When it comes to statistic analysis, there are two classifications: descriptive statistics and inferential statistics. In a nutshell, descriptive statistics intend to describe a big hunk of data with summary charts and tables, but do not attempt to draw conclusions about the population from which the sample was taken. You are simply summarizing the data you have with pretty charts and graphs–kind of like telling someone the key points of a book (executive summary) as opposed to just handing them a thick book (raw data).
Conversely, with inferential statistics, you are testing a hypothesis and drawing conclusions about a population, based on your sample. In this case, you are going to run into fancy sounding concepts like ANOVA, T-Test, Chi-Squared, confidence interval, regression, etc., but we’ll save those for another day.
To understand the simple difference between descriptive and inferential statistics, all you need to remember is that descriptive statistics summarize your current dataset and inferential statistics aim to draw conclusions about an additional population outside of your dataset.
Perhaps these concepts are most easily explained with some examples…

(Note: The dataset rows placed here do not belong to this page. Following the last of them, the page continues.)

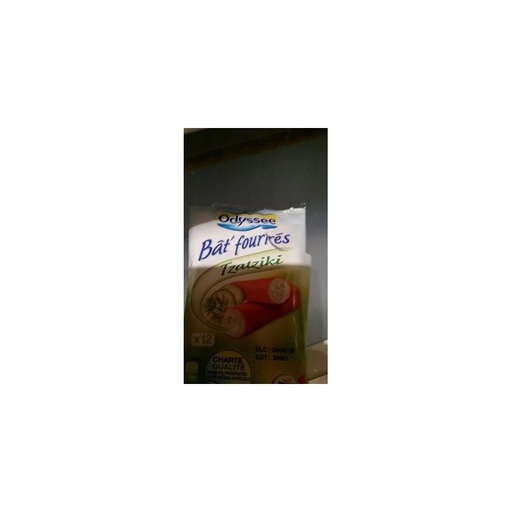 [3250392066239] ODYSSEE ODYSS 12 Surimi Sticks with Tzatziki 210 g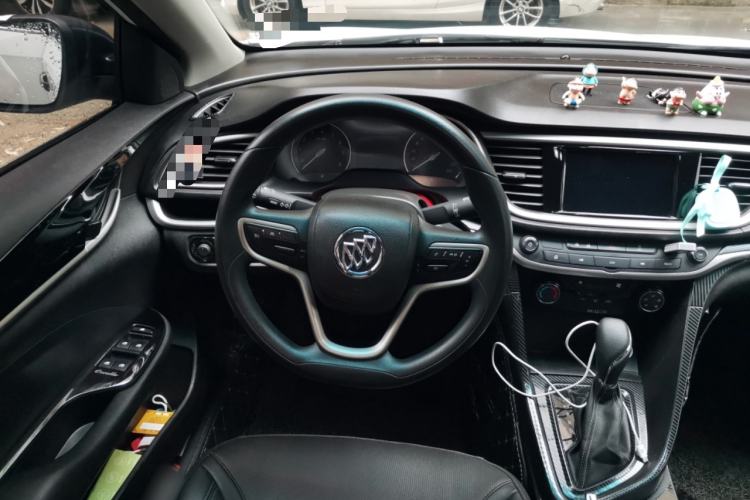Used Buick GT 2021 Revised Version Flagship 1.5L Automatic Elite Edition Steering Wheel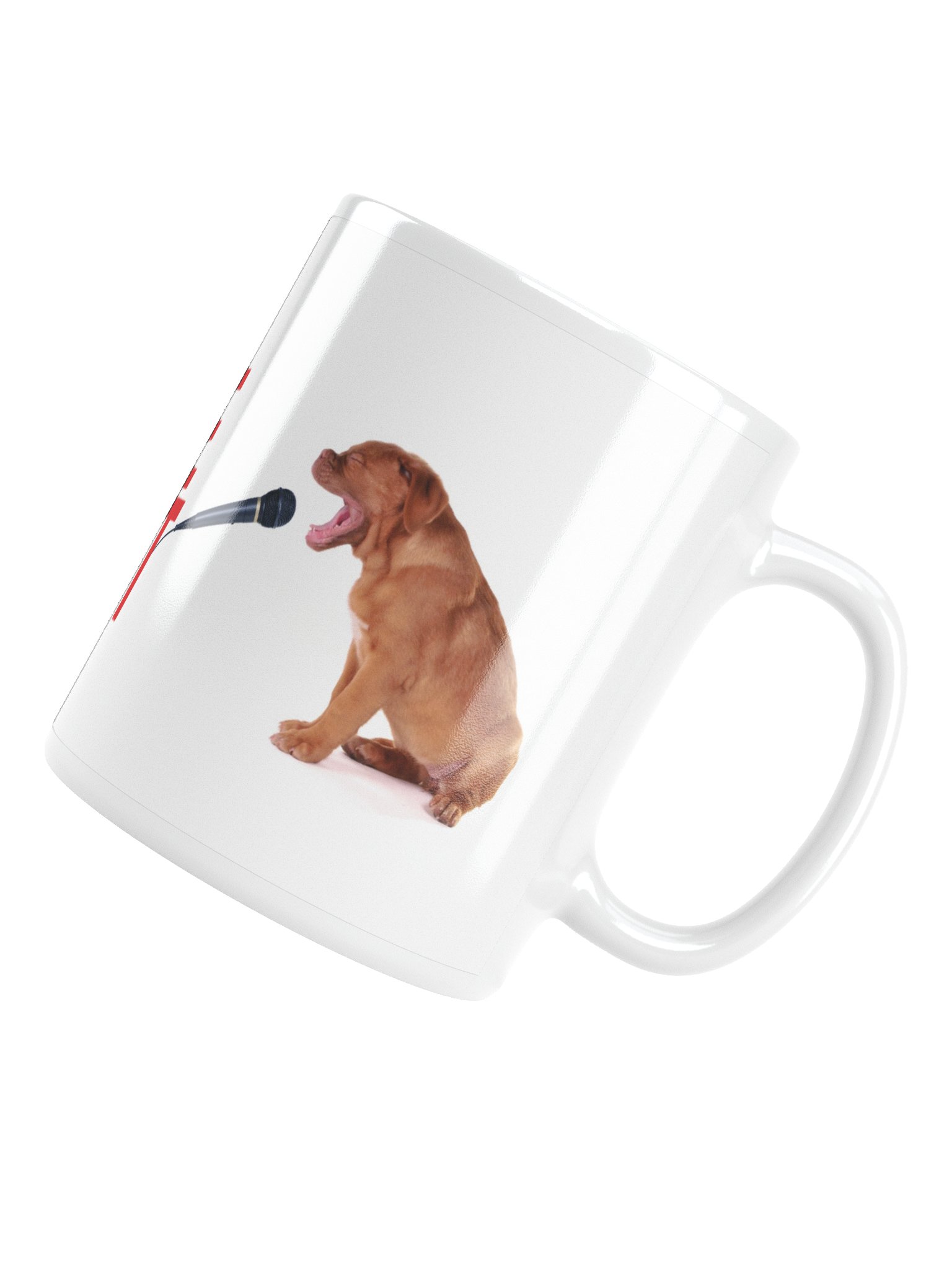 Karaoke Experiment Logo Mug product image (14)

Let’s say you’ve administered a survey to 35 people about their favorite ice cream flavors. You’ve got a bunch of data plugged into your spreadsheet and now it is time to share the results with someone. You could hand over the spreadsheet and say “here’s what I learned” (not very informative), or you could summarize the data with some charts and graphs that describe the data and communicate some conclusions (e.g. 37% of people said that vanilla is their favorite flavor*). This would sure be easier for someone to interpret than a big spreadsheet. There are hundreds of ways to visualize data, including data tables, pie charts, line charts, etc. That’s the gist of descriptive statistics. Note that the analysis is limited to your data and that you are not extrapolating any conclusions about a full population.

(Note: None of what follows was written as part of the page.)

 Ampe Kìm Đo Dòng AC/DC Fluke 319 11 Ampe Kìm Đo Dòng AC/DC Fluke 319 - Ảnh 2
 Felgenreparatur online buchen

*All data above is completely fictional. I’m not sure how many people actually prefer vanilla. Everyone knows cookies and cream is the best anyway.
Descriptive statistic reports generally include summary data tables (kind of like the age table above), graphics (like the charts above), and text to explain what the charts and tables are showing. For example, I might supplement the data above with the conclusion “vanilla is the most common favorite ice cream among those surveyed.” Just because descriptive statistics don’t draw conclusions about a population doesn’t mean they are not valuable. There are thousands of expensive research reports that do nothing more than descriptive statistics.
Descriptive statistics usually involve measures of central tendency (mean, median, mode) and measures of dispersion (variance, standard deviation, etc.). Here’s a great video that explains the concept of “average” very well.
Averages (Source: Khan Academy)
OK, let’s continue with the the ice cream flavor example. Let’s say you wanted to know the favorite ice cream flavors of everyone in the world. Well, there are about 7 billion people in the world, and it would be impossible to ask every single person about their ice cream preferences. Instead, you would try to sample a representative population of people and then extrapolate your sample results to the entire population. While this process isn’t perfect and it is very difficult to avoid errors, it allows researchers to make well reasoned inferences about the population in question. This is the idea behind inferential statistics.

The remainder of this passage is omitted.